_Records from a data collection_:
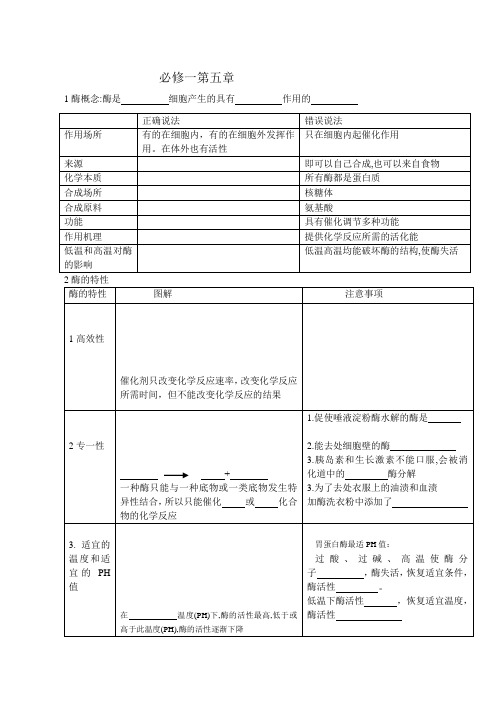 高一生物必修一第五章酶和ATP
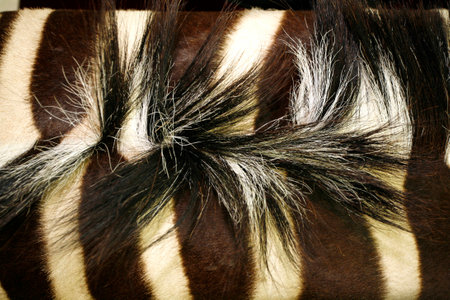 Close-up of a zebra neck with mane as a backgroundの写真素材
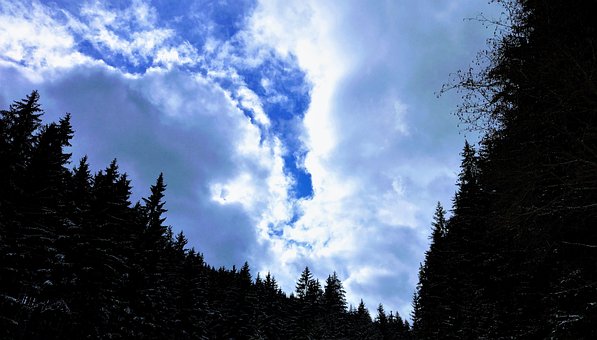 Free Winter The Snow photo and picture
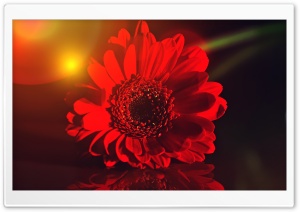 Dark Red Gerbera Daisy Ultra HD Wallpaper for 4K UHD Widescreen desktop, tablet & smartphone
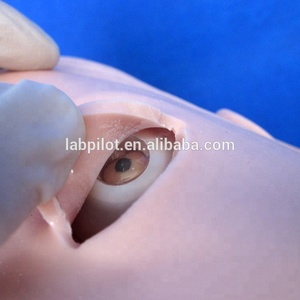 Multi-functional Airway Management รุ่น Intubation และดูดจำลองการฝึกอบรม - Product Image 3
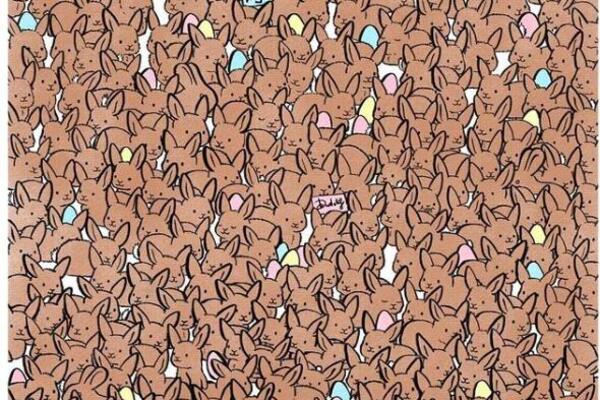 PRONAĐITE 3 ČOKOLADNA ZECA MEĐU OSTALIM ZEČEVIMA: Iluzija koju samo POSEBNI mogu da reše za 28 sekudni (FOTO)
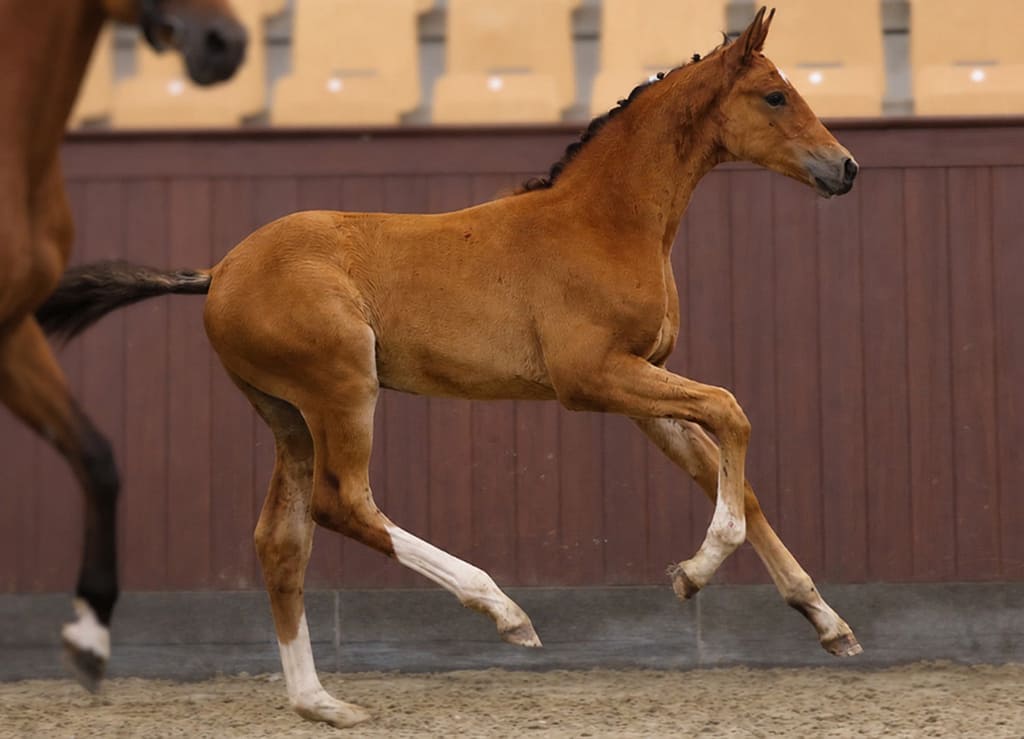 Diasino N, Danish Warmblood colt by Diablue PS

_ASSIGNMENT_:
Give the data again exactly, image-free.

_WRITTEN REPLY_:
 高一生物必修一第五章酶和ATP
 Close-up of a zebra neck with mane as a backgroundの写真素材
 Free Winter The Snow photo and picture
 Dark Red Gerbera Daisy Ultra HD Wallpaper for 4K UHD Widescreen desktop, tablet & smartphone
 Multi-functional Airway Management รุ่น Intubation และดูดจำลองการฝึกอบรม - Product Image 3
 PRONAĐITE 3 ČOKOLADNA ZECA MEĐU OSTALIM ZEČEVIMA: Iluzija koju samo POSEBNI mogu da reše za 28 sekudni (FOTO)
 Diasino N, Danish Warmblood colt by Diablue PS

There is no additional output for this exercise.